REPUBLIKA.CO.ID, WASHINGTON -- Menteri Pertahanan Amerika Serikat (AS) Jim Mattis mengundurkan diri karena berbeda pendapat dengan Presiden AS Donald Trump. Pengunduran diri Mattis ini dilakukan satu hari setelah Trump menolak nasihatnya dan menarik pasukan AS yang berada di Suriah. Mattis mengumumkan rencana pengunduran dirinya dalam surat pengunduran diri yang ditunjukkan kepada Trump.
Surat tersebut berisi tentang semakin berkembangnya perpecahaan di antara mereka dan secara implisit mengkritik Trump yang mengabaikan sekutu terdekat AS. Gedung Putih mengatakan Mattis merilis surat tersebut setelah bertatap muka dengan Trump di mana kedua orang tersebut juga menunjukan perbedaan mereka.
"Karena Anda memiliki hak untuk memiliki Menteri Pertahanan yang dalam hal ini memiliki pandangan yang selaras dengan Anda dan persoalan lainnya, saya yakin ini langkah yang tepat bagi saya untuk mengundurkan diri dari posisi saya," kata Mattis dalam surat tersebut, Jumat (21/12).
Dalam surat itu Mattis mengatakan ia tidak dipaksa mengundurkan diri oleh Trump. Pada hari Rabu, (19/12) Trump mengumumkan akan menarik pasukan AS dari Suriah, keputusan yang bertentangan dengan kebijakan AS di kawasan tersebut.
Pada Kamis (20/12) kabarnya Trump ingin kembali menentang Mattis dengan menarik pulang pasukan AS di Afghanistan setelah berperang selama 17 tahun di sana. Mattis seorang pensiunan Jendral Marinir yang dekat dengan NATO dan sekutu lama Amerika, hal inilah yang membuatnya sering bertentangan dengan Trump.
Kabarnya Mattis menentang rencana penarikan pasukan AS di Suriah. Salah satu pejabat mengatakan hal itu yang menjadi alasan Mattis untuk mengundurkan diri. Berita AS akan menarik mundur pasukan mereka telah mengejutkan banyak sekutu militer Negeri Paman Sam tersebut.

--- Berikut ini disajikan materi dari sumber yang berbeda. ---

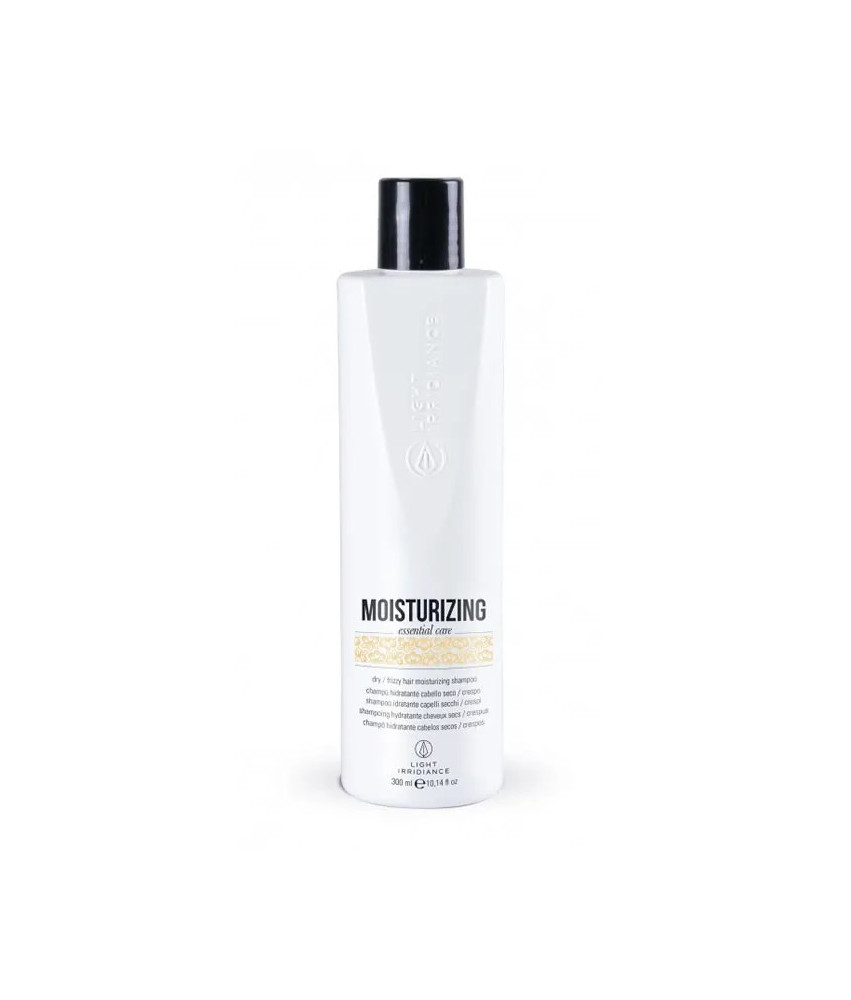 Shampooing Hydratant Cheveux Secs 300ml - LIGHT IRRIDIANCE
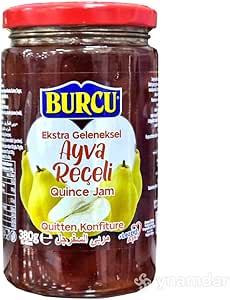 Burcu Ayva Reçeli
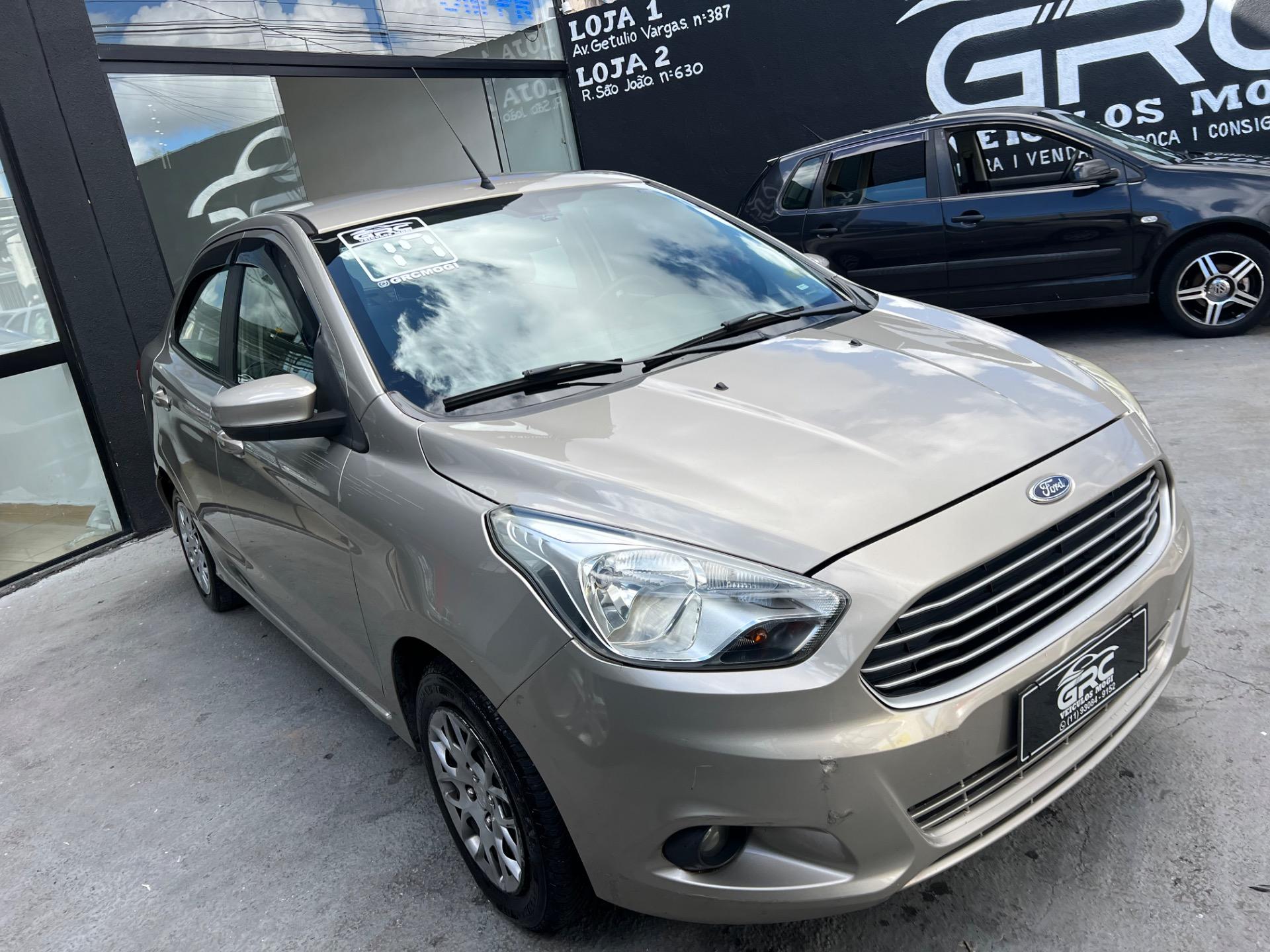 FORD Ka + Sedan - Foto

Sekutu AS pun sebenarnya sudah lama bingung dengan Trump yang tidak dapat diprediksi dan melakukan pendekatan-sendiri dalam keamanan global. Hal ini meningkatkan pertanyaan apakah pengganti Mattis akan tetap berkomitmen dengan perjanjian tradisional seperti NATO atau hanya mengikuti semua yang diinginkan Trump.
Ketika Mattis diwawancara Trump untuk mengisi posisi Menteri Pertahanan pada 2016 lalu ia berbeda pandangan dengan presiden AS ke-45 itu disejumlah isu. Termasuk isu NATO dan penggunaan penyiksaan. Trump akhirnya mengakui kualitas Mattis.
Tapi seiring berjalannya waktu dalam isu keamanan nasional Trump bertindak berdasarkan nalurinya sendiri. Ia memilih agendanya 'Utamakan Amerika' yang bertolak belakang keyakinan Mattis. Dalam suratnya Mattis mengisyaratkan ia tidak setuju dengan kebijakan isolasi Trump.
Dalam tulisannya itu ia yakin Amerika harus mempertahankan sekutu yang kuat dengan menunjukan rasa hormat. Trump sudah menarik AS dari sejumlah perjanjian internasional sejak Januari 2017 lalu.
"Amerika Serikat harus tegas dan tidak ambigu dalam pendekatan terhadap negara-negara yang kepentingan strategisnya menegang dengan kepentingan kami," kata Mattis dalam surat tersebut.
Ia mengidentifikasi Rusia dan Cina sebagai negara-negara yang ingin membentuk dunia searah dengan model otoritarian yang mereka miliki. Mattis masuk ke dalam daftar panjang pejabat-pejabat dalam pemerintahan Trump yang mengundurkan diri.
Pergeseran kebijakan luar negeri ini meningkatkan ketidakpastian di Gedung Putih seiring Trump mendekati separuh masa jabatannya. Ketidaksepakatan kebijakan pertahanan ini tidak mengalihkan perhatian publik dari penyelidikan jaksa khusus Robert Mueller dalam intervensi Rusia di pemilihan presiden AS 2016 lalu.